Je remets mon gilet et ma veste, puis lance un coup d’œil vers Henry qui, affaissé sur une chaise, contemple le sol à ses pieds. Le colonel Parès, debout derrière lui, fait rentrer ses bras dans les manches de sa tunique, et le colonel Boissonnet s’agenouille devant lui pour la boutonner.
— Regardez-le, commente Ranc avec mépris, comme un grand et gros bébé. Il est complètement vidé.
— Oui, conviens-je. Je le crois bien.
Contrairement à la coutume, nous ne nous serrons pas la main après le duel. Alors que la nouvelle se répand avenue de Lowendal que le héros a été blessé, on me fait passer par une petite porte pour éviter la foule hostile. D’après les premières pages du lendemain, Henry sort, le bras en écharpe, sous les acclamations de ses partisans, et on le conduit en landau découvert jusqu’à chez lui, où le général de Boisdeffre l’attend en personne pour lui présenter les vœux de l’armée pour son rétablissement. Je vais déjeuner avec Edmond et Ranc, et constate que le vieux sénateur a dit vrai : je me suis rarement senti un tel appétit, et n’ai jamais autant apprécié un repas.

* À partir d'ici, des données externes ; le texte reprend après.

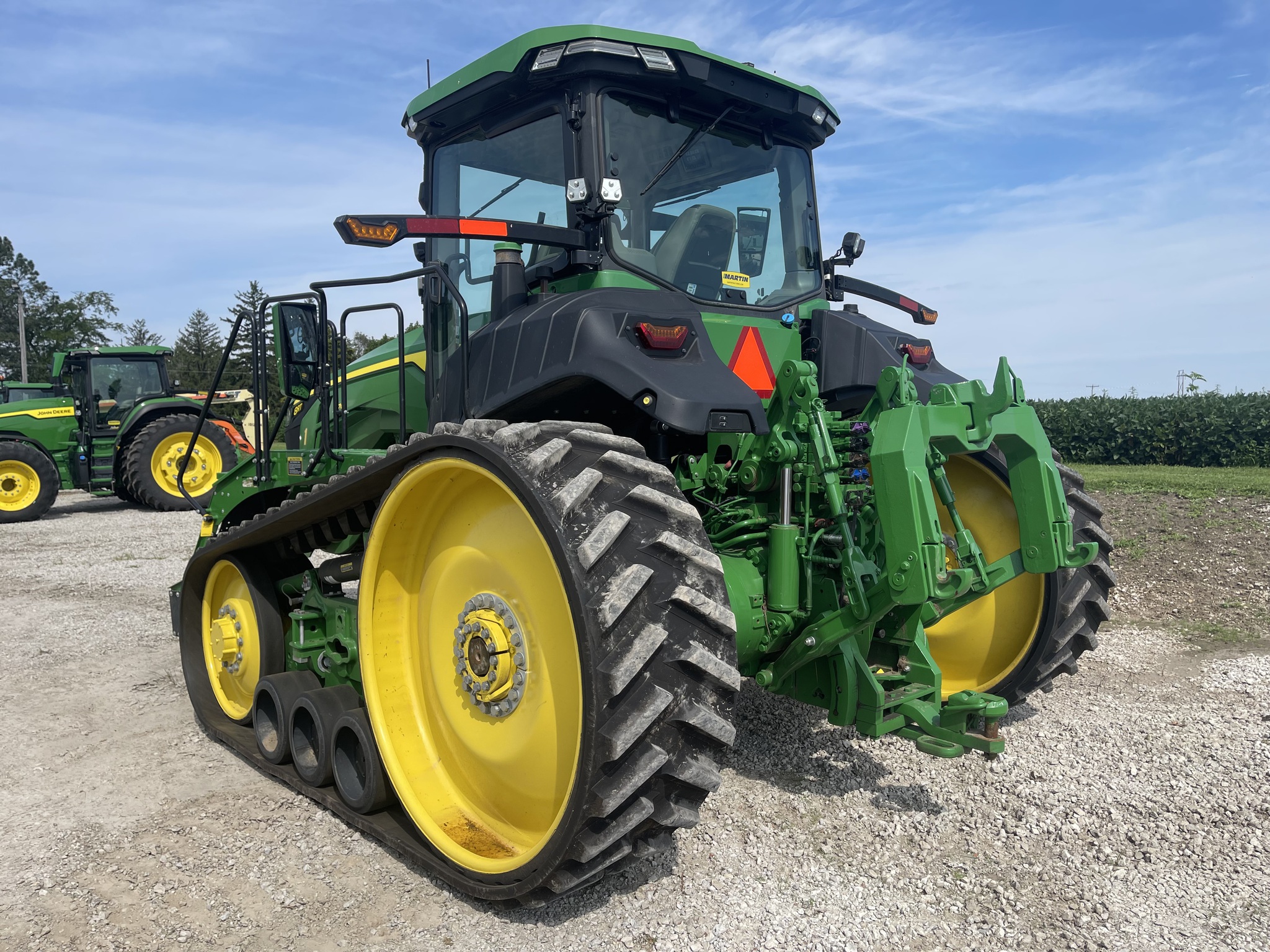  2023 John Deere 8RT 370 at Heritage Tractor in Kewanee, IL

Cet entrain persiste et, pendant les trois mois qui suivent, je me réveille le matin avec un curieux sentiment d’optimisme. À première vue, ma situation ne pourrait être pire. Je n’ai rien à faire, aucune carrière à mener, des revenus insuffisants et guère de capital sur lequel m’appuyer. Je ne peux toujours pas voir Pauline tant que son divorce est en cours, au cas où nous serions surveillés par la police ou la presse. Blanche est partie ; son frère a dû faire des pieds et des mains pour lui éviter d’être citée comme témoin au procès Zola (y compris en prétendant qu’elle n’était qu’une vieille demoiselle de cinquante-cinq ans au cœur fragile). Je subis les sifflets en public et la calomnie dans divers journaux informés par Henry qu’on m’avait vu rencontrer le colonel von Schwartzkoppen à Karlsruhe. Louis est révoqué de son poste d’adjoint au maire du septième arrondissement et sanctionné par l’Ordre des avocats pour « conduite indécente ». Reinach et d’autres éminents défenseurs de Dreyfus perdent leurs sièges aux élections nationales. Et même si la mort de Lemercier-Picard fait grand bruit, elle est officiellement déclarée comme un suicide, et l’affaire est close.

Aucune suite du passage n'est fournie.